King Susannah J, Nyulasi Ibolya B, Bailey Michael, Kotsimbos Tom, Wilson John W
Nutrition Department, Alfred Hospital, Commercial Road, Melbourne, Victoria 3004, Australia; Department of Medicine, Monash University, Alfred Hospital, Commercial Road, Melbourne, Victoria 3004, Australia; Department of Dietetics and Human Nutrition, La Trobe University, Bundoora, Victoria 3086, Australia.
Nutrition Department, Alfred Hospital, Commercial Road, Melbourne, Victoria 3004, Australia; Department of Medicine, Monash University, Alfred Hospital, Commercial Road, Melbourne, Victoria 3004, Australia.
Clin Nutr. 2014 Feb;33(1):150-5. doi: 10.1016/j.clnu.2013.04.012. Epub 2013 Apr 24.
BACKGROUND & AIMS: Malnutrition is associated with poorer outcome in cystic fibrosis (CF). This follow-up study aimed to document nutritional status changes, including fat-free mass (FFM), in adults with CF; and to identify predictors of FFM loss.
Fifty-eight non-transplanted CF adults (mean ± SD forced expiratory volume in one second (FEV1) 63.7 ± 21.4%predicted; mean ± SD age 30.3 ± 7.7years at baseline) were studied at baseline and 3.6 ± 0.4 years later. Body composition was measured using dual-energy X-ray absorptiometry. At follow-up, blood was analysed for interleukin-6 and tumour necrosis factor-α (TNF-α) on three occasions over six months and averaged for each participant. Associations with annual percentage change in FFM (ann%ΔFFM), including cytokines, CF genotype and annual change in FEV1%predicted (annΔFEV1%), were determined.
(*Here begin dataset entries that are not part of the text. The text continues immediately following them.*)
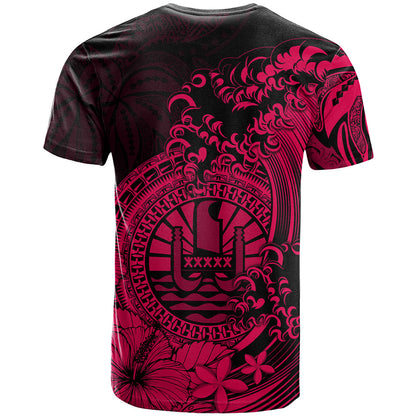 Polynesian Tahiti Island T Shirt The Wave of Water Pink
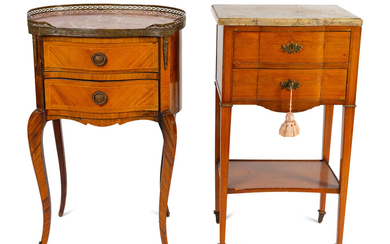 Two Louis XV Style Marble-Top Side Tables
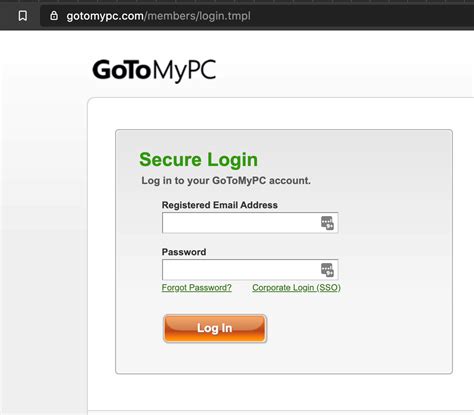 Login to Your GoToMyPC account to securely access your PC or Mac anywhere, from any device! FAQs; 24/7 Support; Log In; Secure Login Log in to your GoToMyPC account. Registered Email Address Password. Forgot Password? Corporate Login (SSO) Guest Invite. Share your screen with a guest.. 
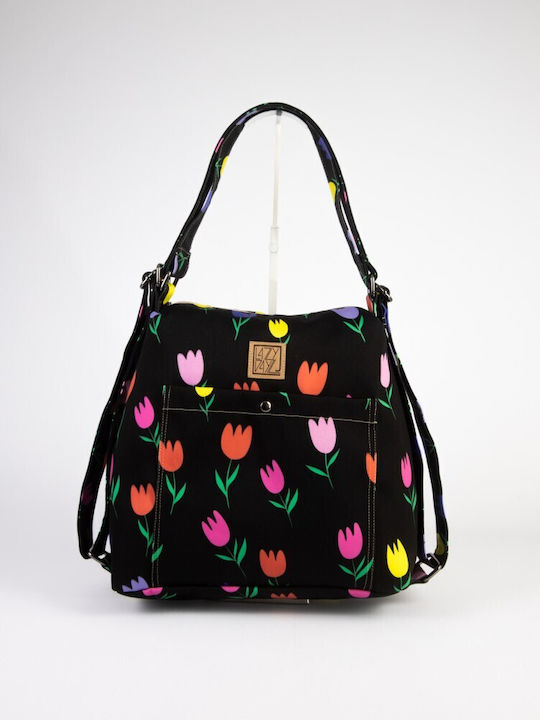 Stoff Damen Handtasche Rucksack Mehrfarbig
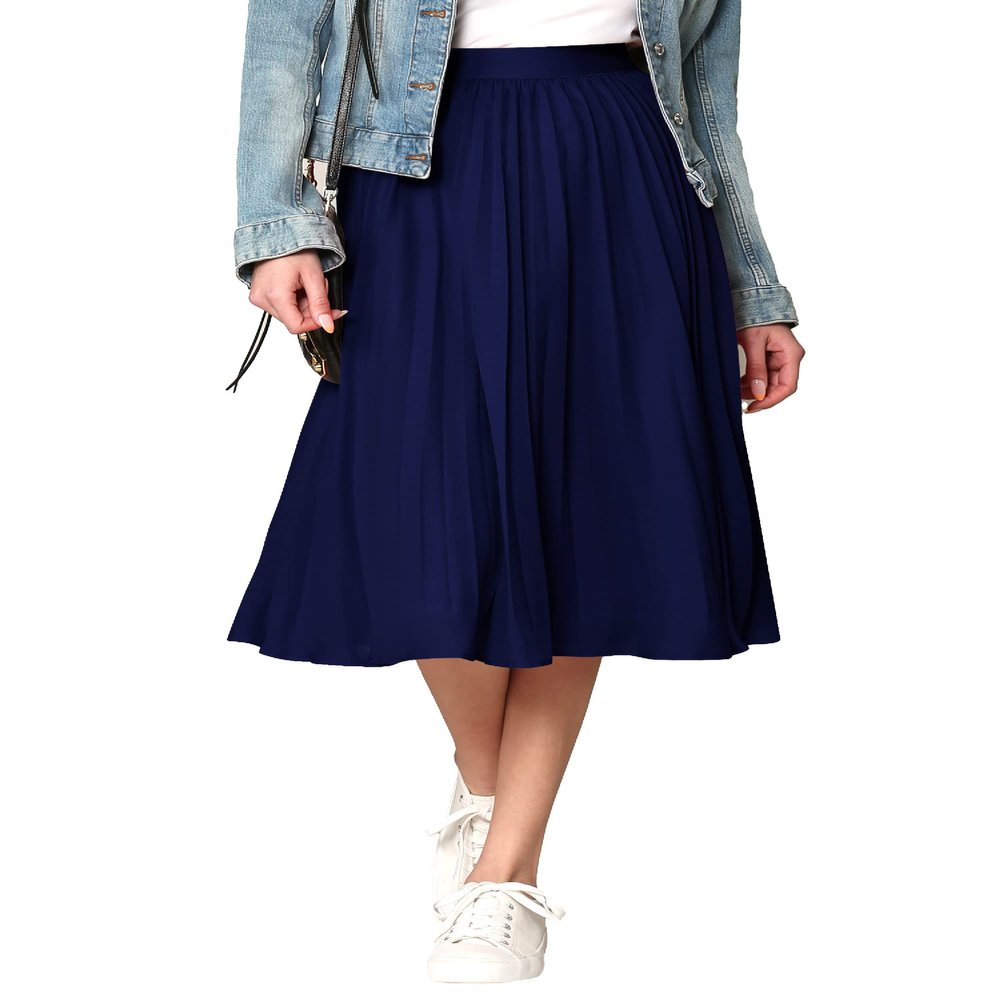 Made By Johnny WB2371 Women's High Elastic Waist Pleated Mid A-Line Swing Skirt XL Navy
Mean FFM was 49.5 ± 8.8 kg at baseline and 49.6 ± 8.9 kg at follow-up (p = 0.66). Ann%ΔFFM ranged from -2.0 to +3.6%. FEV1%predicted declined by 1.2 ± 2.4% per year. Forty percent of participants had elevated average interleukin-6 levels. Ann%ΔFFM was negatively correlated with interleukin-6 levels (rho -0.34, p = 0.008), but not TNF-α or annΔFEV1%. F508DEL homozygote or heterozygote participants had greater FFM loss than those carrying no F508DEL allele (p = 0.01).
Higher serum interleukin-6 and presence of the F508DEL mutation, but not TNF-α, were associated with FFM loss in adults with CF.
营养不良与囊性纤维化(CF)患者较差的预后相关。这项随访研究旨在记录成年CF患者的营养状况变化,包括去脂体重(FFM);并确定FFM丢失的预测因素。
对58名未接受移植的成年CF患者进行研究,基线时平均一秒用力呼气容积(FEV1)为预测值的63.7±21.4%;基线时平均年龄为30.3±7.7岁。在基线时和3.6±0.4年后对患者进行研究。使用双能X线吸收法测量身体成分。随访时,在六个月内分三次对血液中的白细胞介素-6和肿瘤坏死因子-α(TNF-α)进行分析,并计算每位参与者的平均值。确定了包括细胞因子、CF基因型和预测FEV1%的年变化率(annΔFEV1%)与FFM年百分比变化(ann%ΔFFM)之间的关联。
基线时平均FFM为49.5±8.8kg,随访时为49.6±8.9kg(p=0.66)。Ann%ΔFFM范围为-2.0至+3.6%。预测FEV1%每年下降1.2±2.4%。40%的参与者平均白细胞介素-6水平升高。Ann%ΔFFM与白细胞介素-6水平呈负相关(rho=-0.34,p=0.008),但与TNF-α或annΔFEV1%无关。F508DEL纯合子或杂合子参与者的FFM丢失比未携带F508DEL等位基因的参与者更多(p=0.01)。
较高的血清白细胞介素-6水平和F508DEL突变的存在与成年CF患者的FFM丢失有关,而TNF-α则无关。